Un garçon s’enfuit dans la nuit

Auteur : Daniel-Rops | Ouvrage : Légende dorée de mes filleuls .

Un bruit, trou­blant la paix de la nuit, l’éveilla en sur­saut. Ce n’était pas le gron­de­ment fami­lier du Cédron dont les eaux sales, en cette sai­son de prin­temps, bouillon­naient sur les cailloux à une por­tée d’arc de la mai­son. Ce n’était pas non plus le cri régle­men­taire des sen­ti­nelles romaines qui, là-haut, sur les rem­parts de Jéru­sa­lem, de quart en quart d’heure, se ren­voyaient l’une à l’autre le mot de la garde. Que se pas­sait-il donc ? Dans ce coin de ban­lieue écar­té de la ville, tout était à l’ordinaire si tran­quille ! Le gar­çon bon­dit de son lit, — un simple tapis posé sur une paillasse de roseaux, — et cou­rut à la fenêtre.

Il se nom­mait Marc et avait à peine quinze ans. Depuis la mort de son père, sa mère Marie l’avait éle­vé ; pour le faire vivre, elle gérait un petit com­merce : dans cette pro­priété qu’elle pos­sé­dait à peu de dis­tance de la ville, plan­tée d’oliviers cen­te­naires, elle avait ins­tal­lé un pres­soir à huile, où les gens du voi­si­nage venaient appor­ter leurs récoltes ; cela lui assu­rait un modeste reve­nu. C’est pour­quoi le do­maine était connu de tout le monde sous le nom de Geth­sé­ma­ni, qui veut dire « pres­soir à huile ». À cette heure, il n’était pas pos­sible que ce fût un client !

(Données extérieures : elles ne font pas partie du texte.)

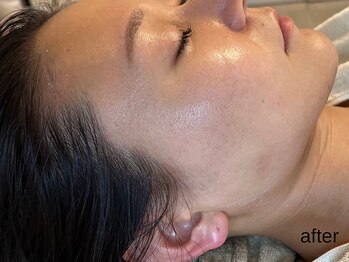 サロン ド エメ(salon de aimer)/【After】輪郭形成・肌質改善♪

Marc se pen­cha, scru­ta la nuit claire. La lune pleine navi­guait pai­si­ble­ment dans le ciel de nacre, et sa clar­té illu­mi­nait les puis­santes for­ti­fi­ca­tions au haut des­quelles s’apercevait le Temple majes­tueux. Le bruit sus­pect venait du che­min roide qui dégrin­go­lait de la porte vers le gué du tor­rent, un bruit de voix, de cli­què­te­ments d’armes, de lourds bro­de­quins son­nant sur les cailloux. Trouant l’om­bre, Marc aper­çut des lueurs de torches. Son cœur bat­tit plus vio­lem­ment.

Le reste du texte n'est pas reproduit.